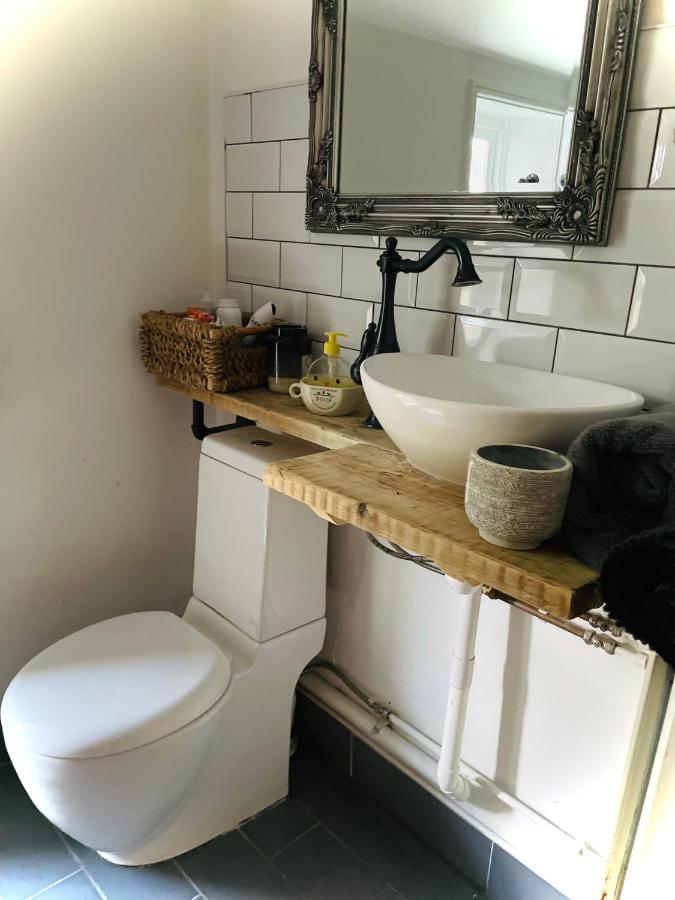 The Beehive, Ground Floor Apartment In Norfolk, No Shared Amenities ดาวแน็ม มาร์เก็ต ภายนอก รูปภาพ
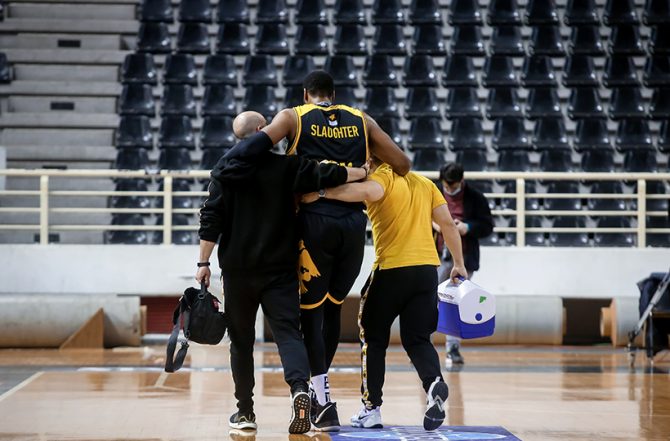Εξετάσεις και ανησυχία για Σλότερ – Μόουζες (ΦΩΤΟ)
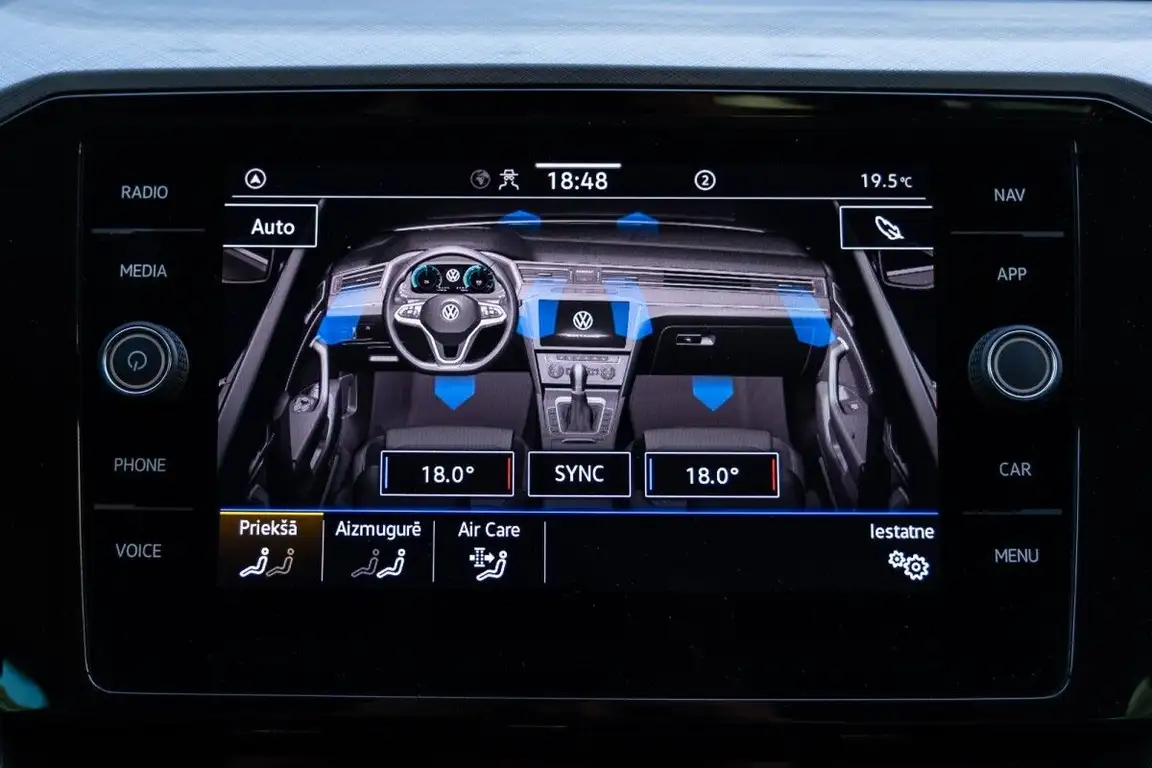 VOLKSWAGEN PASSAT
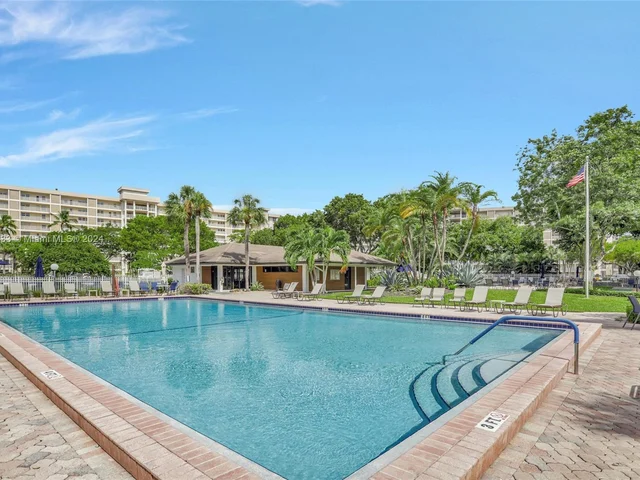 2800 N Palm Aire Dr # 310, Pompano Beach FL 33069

# [Your goal]
Your reply should consist of the data, transcribed exactly, and should hold no pictures.

# [Answer section]
 The Beehive, Ground Floor Apartment In Norfolk, No Shared Amenities ดาวแน็ม มาร์เก็ต ภายนอก รูปภาพ
Εξετάσεις και ανησυχία για Σλότερ – Μόουζες (ΦΩΤΟ)
 VOLKSWAGEN PASSAT
 2800 N Palm Aire Dr # 310, Pompano Beach FL 33069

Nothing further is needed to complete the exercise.